Feb 19, 2016

Warm and dry trend likely to linger through February

Temperate winter temperatures with trace precipitation may very well be the bellwether of spring.

Chuck Baker, meteorologist with the National Weather Service office in Riverton, said early spring is showing a dry, warm pattern.

“We could see a drought raising its ugly head as we go into spring,” Baker said.

Generally, there has been a high pressure ridge over the West pushing a major trough through the Midwest region. The result has been abnormally cold temperatures in the eastern United States and abnormally warm temperatures in western U.S., Baker said. Northwest winds from Alaska and the Yukon are funneling cold into the upper Midwest, northern Plains and Great Lakes. Downslope winds from the Alberta, Canada, and the Rocky Mountains are creating warm winds in northern Wyoming.

Sheep enjoy the warmer temperatures outside of Powell last week. Cody News Co. photo by Toby Bonner
“It’s typically called the February thaw,” Baker said.

January 2016 saw zilch precipitation over in Powell; the average is 0.22 inches.

No measurable precipitation has been reported thus far in February, but some areas have seen some small amounts of precipitation in the Big Horn Basin. The February average is 0.13 inches.

There is a chance of showers Thursday, but more than likely it will be confined to the Big Horn and Absaroka mountains, Baker said.

In the meantime, keep the sunblock handy while catching some rays.

“The mild temperatures look to be continuing until at least the end of the month,” Baker said.

A moderate El NiƱo could effect the winter/spring transition, making Wyoming warmer and drier on the east side of the Continental Divide, he said.

Still, he added that the area could very well experience a cold spell the end of this month and into March.

GO WITH THE FLOW
According to the Water Resources Data System from the University of Wyoming, Shoshone Basin’s snow water equivalent was 87 percent of average on Monday, with the Big Horn Basin at 70 percent.

Things are dry in the Big Horn Basin, although the U.S. Bureau of Reclamation predicts spring inflow to Buffalo Bill Reservoir will be greater than its neighboring reservoirs to the north and south.

• April through July inflow for Buffalo Bill Reservoir from the Shoshone River is forecast at 570,000 acre-feet. That's 83 percent of the 30-year average of 686,300 acre-feet. As of Feb. 1, Buffalo Bill had 426,588 acre-feet of water in storage, making it 66 percent full.
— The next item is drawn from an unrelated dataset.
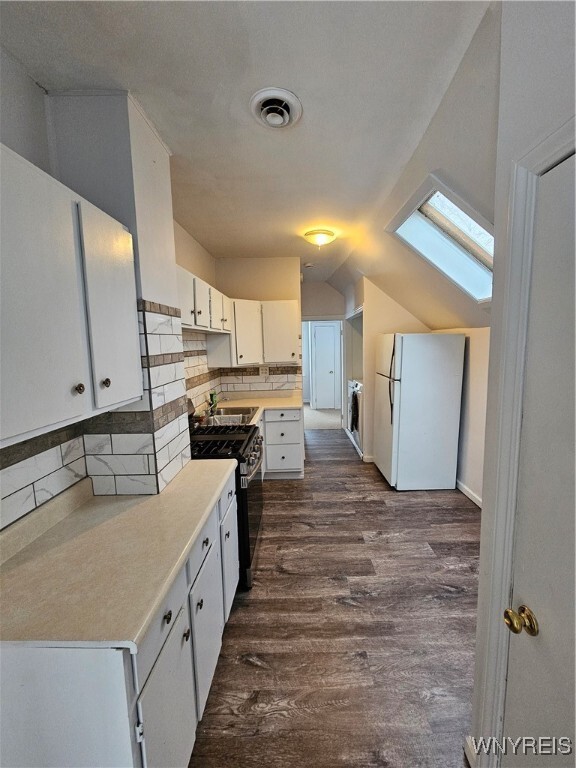 Building Photo - 53 Bellevue Ave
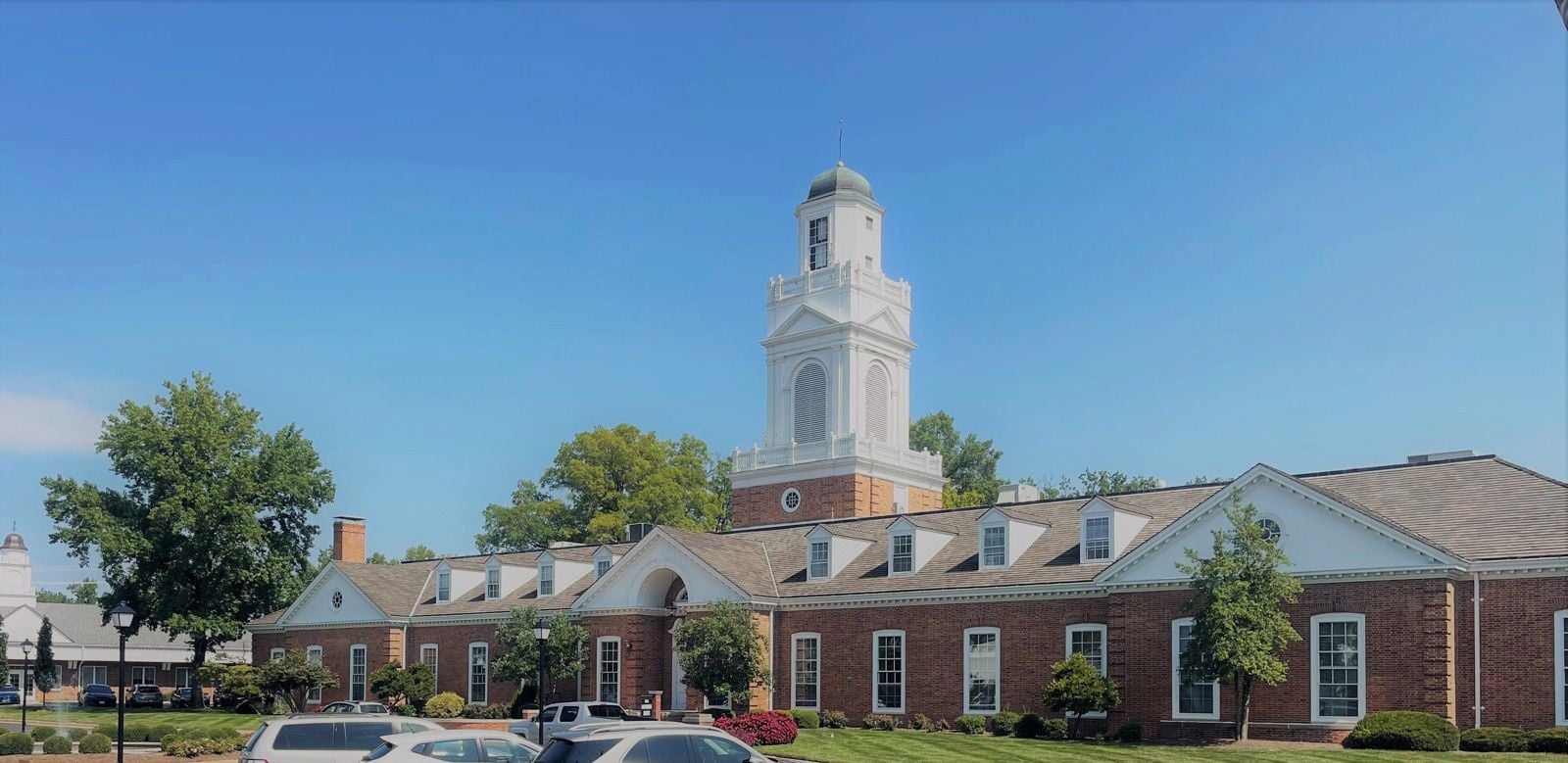 9900; building front12, cropped, filter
• April through July inflow for Big Horn Lake from the Big Horn River was forecast at 596,200 acre-feet. That's a little more than half of the 30-year average of 1.11 million acre-feet. As of Feb. 1, Big Horn Lake had 870,379 acre-feet in storage, making it 85 percent full.
 • April through July inflow for Boysen Reservoir from the Wind River was forecast at 350,000 acre-feet, which is 64 percent of the 30-year average of 548,300 acre-feet. Boysen had 585,743 acre-feet of water at the start of the month, the Bureau of Reclamation says, making it 79 percent full.